Caroline Dotson: ‘The Lump of Coal’ is a gem
Lemony Snicket is the author of the “Series of Unfortunate Events” books for young adults. This year, he wrote a holiday book, “The Lump of Coal.”
“The Lump of Coal” starts in the usual Snicket way: filled with sarcasm. “Miracles are like pimples, because once you start looking for them you find more than you ever dreamed you’d see :”
This lump of coal could talk, walk, and enjoyed the color black.
He had big dreams of becoming “black lines on a canvas” and “participating in a barbecue.”
The lump sets out on a journey, rolling himself downtown and finds an art gallery. The snooty owner rudely sends him away; clearly this was not the miracle the lump of coal was looking for.

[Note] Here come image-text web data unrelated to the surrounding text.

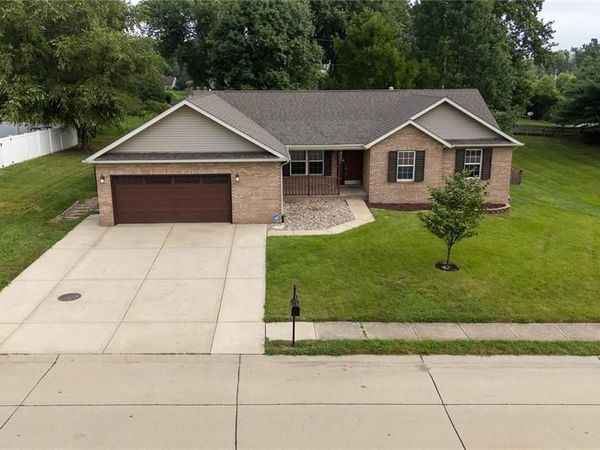 2763 Cascade Lake Drive , Shiloh, IL 62221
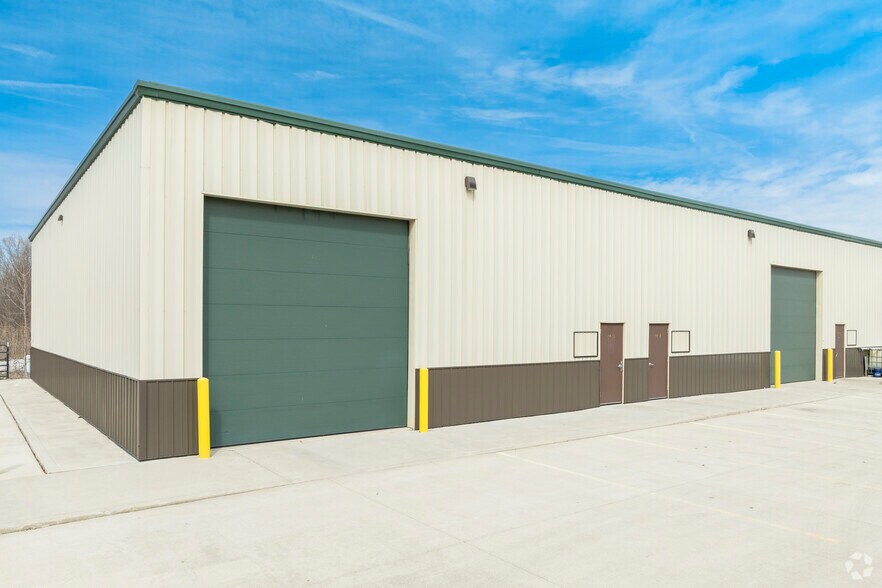 More Photos Of 6032 Highview Dr, Fort Wayne Light Manufacturing For Lease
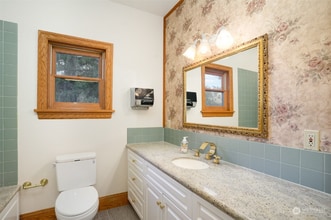 14520 Fremont Ave N in Shoreline, WA - Building Photo - Building Photo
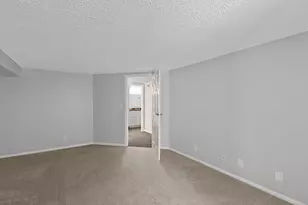 270 E Highland Ave, Milwaukee, WI 53202 - Photo 27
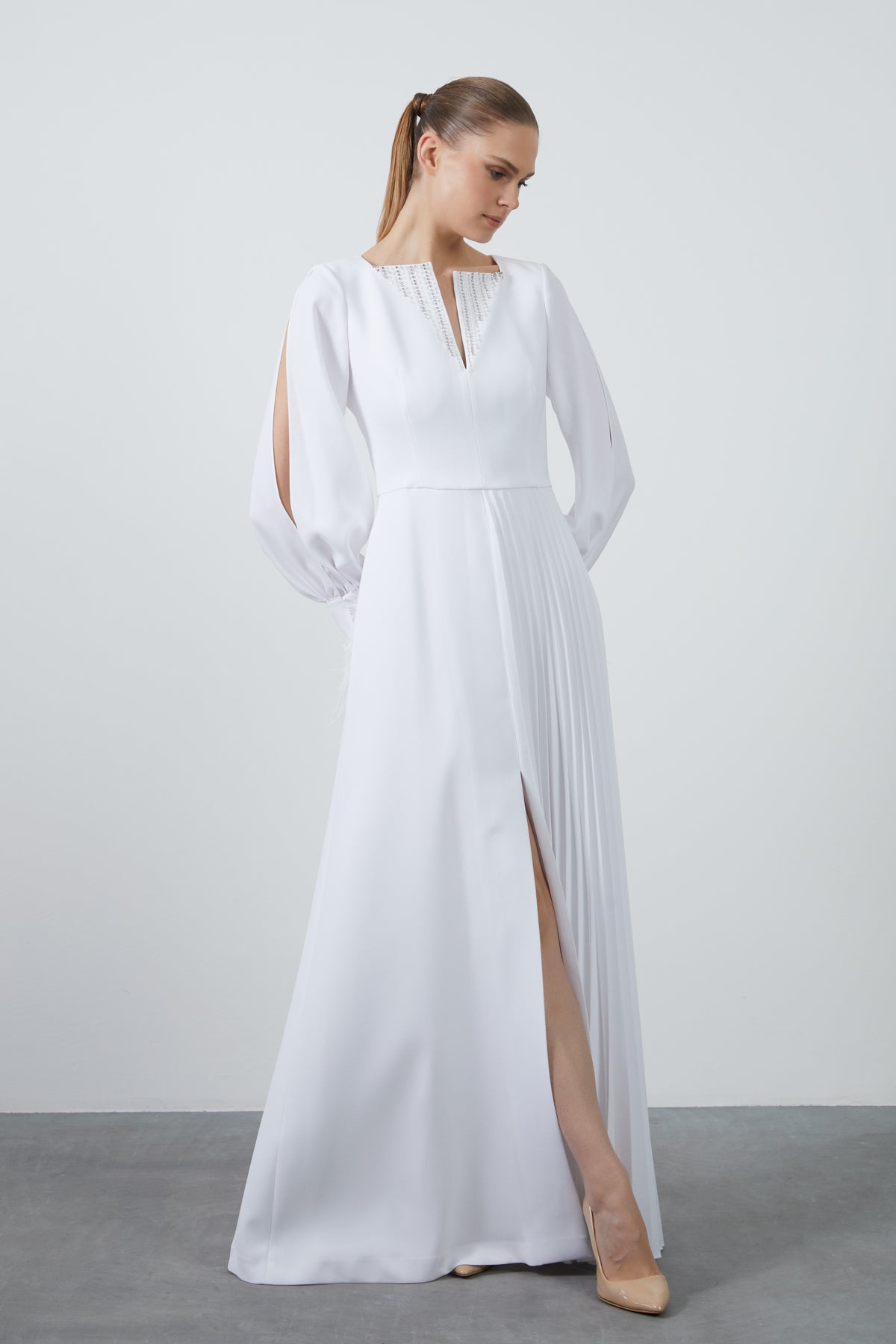 İşleme Ve Tüy Detay Kol Yırtmaçlı Eteği Asimetrik Uzun Elbise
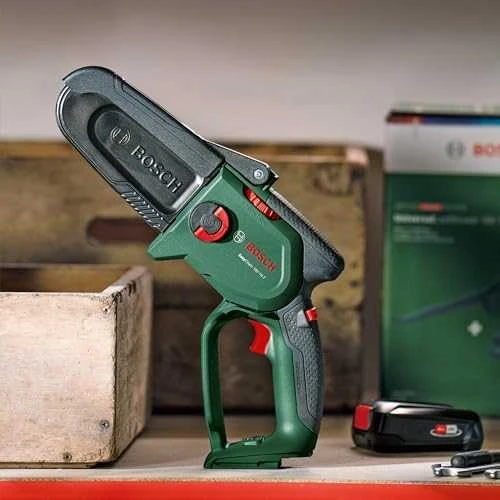 Bosch genėjimo grandininis pjūklas EasyChain 18V-15-7, be akumuliatoriaus ir kroviklio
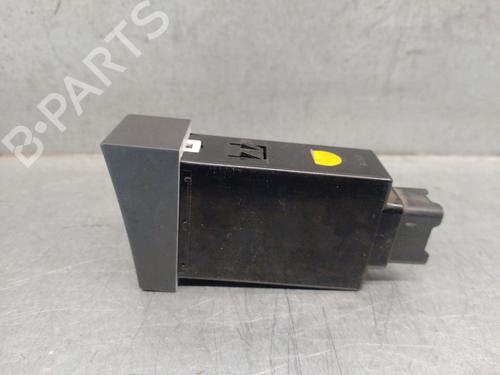 Switch HYUNDAI SANTA FÉ II (CM) 2.2 CRDi GLS 4x4 | BP26542909I30 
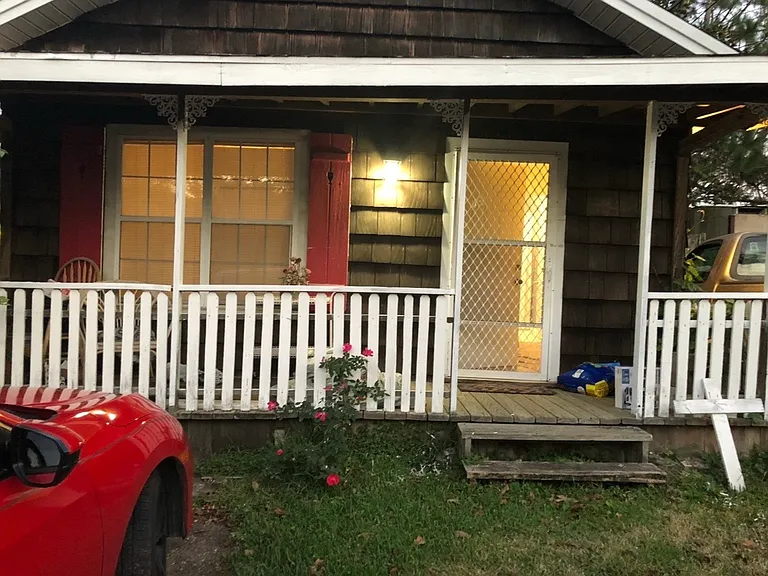 Laurel St — Photo 7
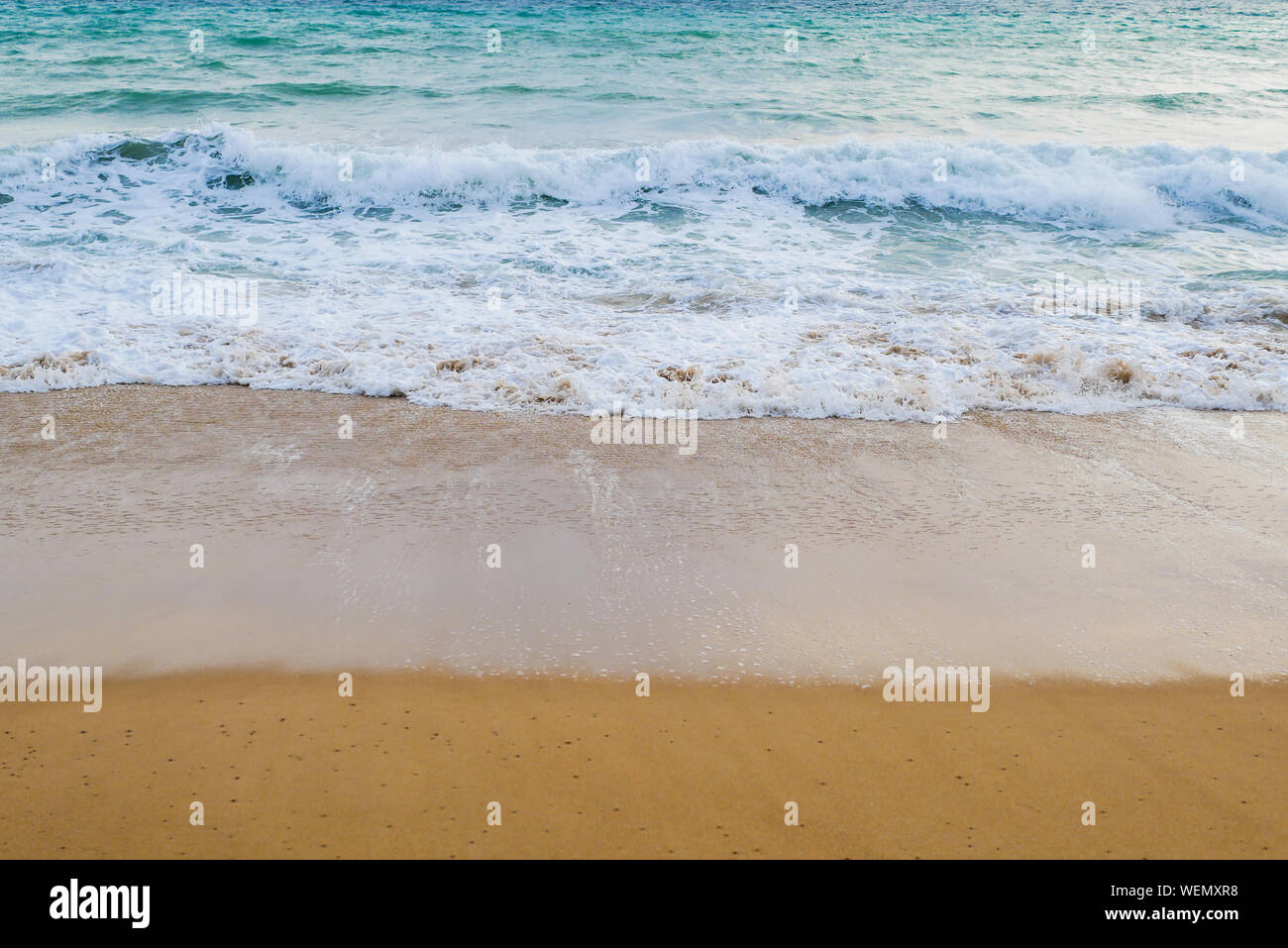 Schöner Strand Ocean Wave mit blauer Farbe Wasser des Meeres Hintergrund im Tagbetrieb Stockfoto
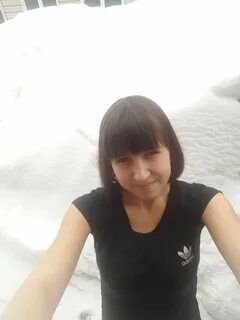 Кызыл девушки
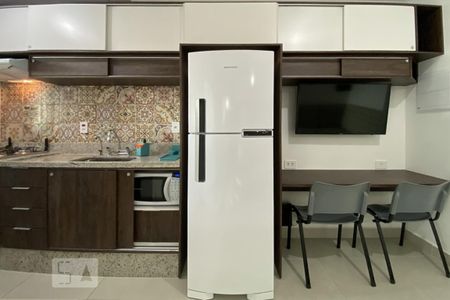 Studio para alugar com 52m², 1 quarto e 2 vagas Studio para alugar com 52m², 1 quarto e 2 vagasCozinha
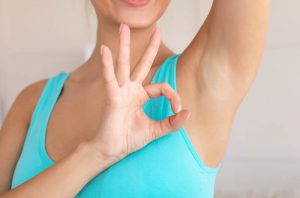 わきがが再発に悩んでいた女性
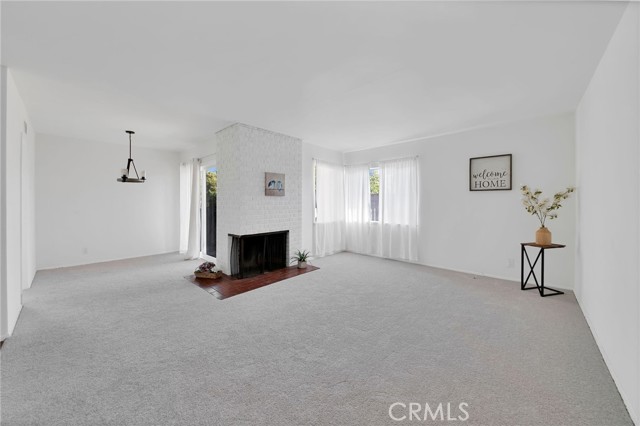 MLS #SB25216137 image #1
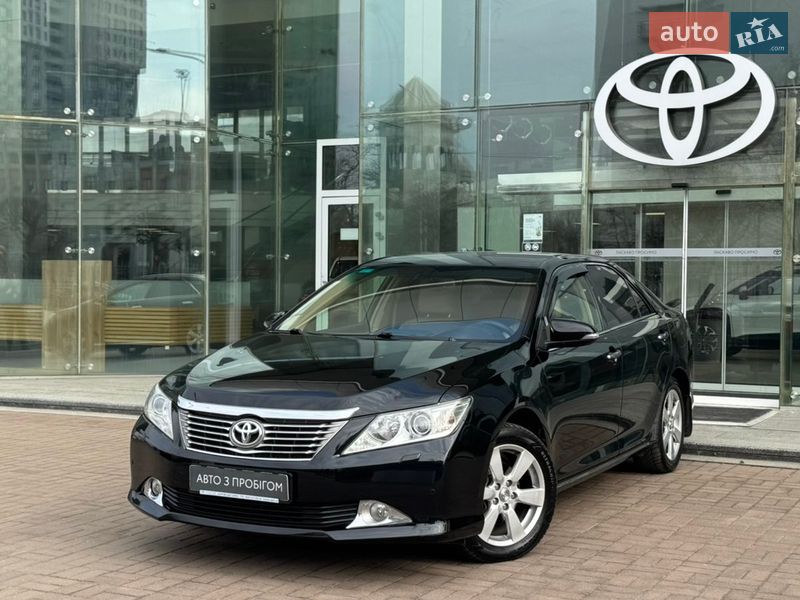 Toyota Camry 2013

He rolls himself further down the street to a Korean barbecue. One of the great illustrations in the book is of the lump of coal peeking his head in the window of Mr. Wong’s Korean Barbecue Palace and Secretarial School. Again, the owner, who doesn’t look Korean and who is using Oregano, sends him away bluntly saying, “do not get smudges on the Korean floor.”
Just as the lump of coal begins to wonder whether miracles only happened to humans, he meets a man in a red suit; not the real Santa but a drugstore Santa. The drugstore Santa decides the lump of coal is just what his stepson, Jasper, deserves for Christmas.
Warm and cozy, waiting in the stocking, the lump of coal anticipates a miracle.
Jasper was happy to see the lump of coal that he could use in artwork, and Jasper was thrilled that the lump of coal could talk.
The two made many “remarkable objets d’art” that sold for an enormous fortune. Then the two bought the Korean barbecue restaurant and cooked real Korean food that they learned to cook in Korea.
The lump of coal got everything he ever wanted. That is a miracle.
Snicket reminds us that it is a miracle if we have enough friends, enough to eat, and get to do the things we love to do. This holiday season should remind us of the many miracles surrounding us every day and remember that miracles should not be taken for granted.